My last newsletter was written after weeks of rain, following a very cold winter, both of which had left us with much to do to get the garden “summer ready”.

Now we have had weeks of really hot weather and not a drop of rain so our gardens are looking very parched and many plants are really suffering.

In this hot weather there is a group of plants, which do need watering – these are any trees or shrubs, which have been planted in your garden for less than two years. They will not have a good root system and need your help to get hold of the water they need to live. For a smallish tree you should provide a bucketful or watering can full of water at least twice a week.

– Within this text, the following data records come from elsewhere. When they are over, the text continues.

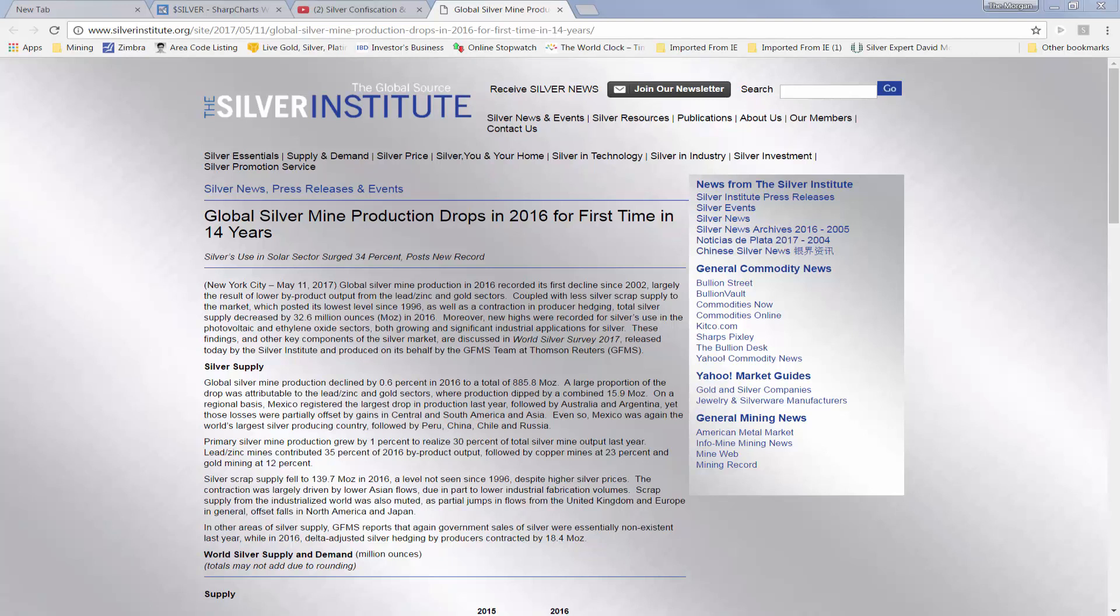A subtitle not to miss is Silver's Use in Solar Sector Surged 34% and Posts a New Record. May 11th, Global Silver Mine Production in 2016 recorded its first decline since 2002, largely the result of lower byproduct output from lead, zinc, and gold sectors.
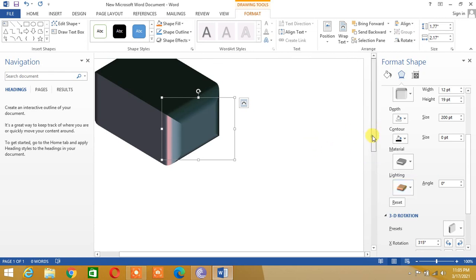Here is the 3D cube in Microsoft Word. That's all for today — see you in the next video. Thank you.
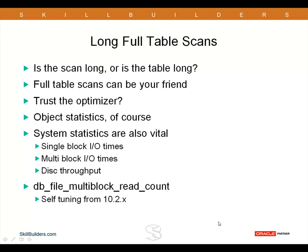But in general, trust Uncle Oracle. If the cost-based optimizer is using a full table scan, then probably that is the best thing to do. If it is not the best thing to do, most likely your cost-based optimizer is making a mistake.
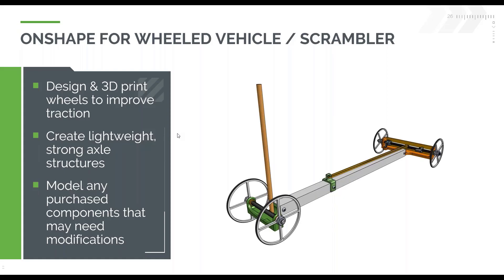You can also create lightweight and strong axle structures like the green 3D printed one at the front here or the orange and yellow one in the back.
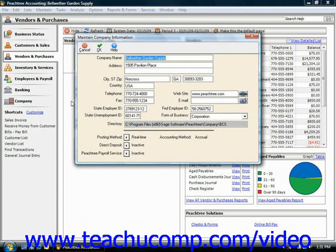Note that there are two methods of posting transactions to the general ledger: real-time and batch posting.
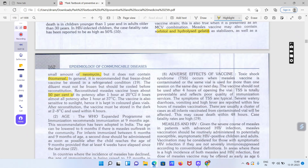20 degree Celsius temperature par, jaise hamare winter mein hota hai, vaccine maintain ki jati hai. Agar temperature zyada degree Celsius ho jaye to yeh bilkul bekaar ho jata hai ek ghante ke baad. Hum is injection ko use nahi kar sakte — isko cold storage mein freeze karke 2 to 8 degree Celsius mein rakha jata hai. Agar freezer mein low temperature par rakha jaye to isko 4 ghante mein use kar lena chahiye.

It is a good time to consider putting more drought tolerant plants into your garden. There are many suitable plants, most of them originating in the Mediterranean or North America. Drought resistant plants have certain characteristics:

  • The leaves may be silver coloured and have a furry surface. Examples of this are Stachys byzantina and Perovskia. If you don’t want tall spires on your Stachys you can use a new low growing variety called “Silver carpet” which doesn’t have any flowers.
  • The leaves may be fleshy such as Sedum spectabile, Sempervivum or Aloe
  • The stems may have viscous sap or aromatic and volatile oils to help the plant maintain its turgidity. Examples of these are Lavender, Rosemary and Euphorbia.
  • Shrubs and trees with small green, shiny leaves such as box, yew, Pittosporum and myrtle.

Lavender

Other useful plants are the daisies – from the tiny Erigeron karvinskianus to the very tall Echinacea and of course the old favourites Helenium, Rudbeckia and Michaelmas daisies – now called the unpronounceable Symphyotrichum.

Erigeron karvinskianus

Helenium

Echinacea

Finally there are lots of lovely grasses, which love the heat and drought and can really enhance a late summer garden. The ones, which do best in my garden, are Stipa gigantea and Miscanthus.

For a really stunning display why not try a combination of Cortaderia selloana (Pampas grass) and late summer Lilies (Lilium henryi). This is a border at Great Comp gardens in Kent. Well worth a visit in August or September.

Lilium henryi

Dr Sarah Wilson, a long time resident in The Warren, regularly opens her garden in the summer months with the National Garden Scheme.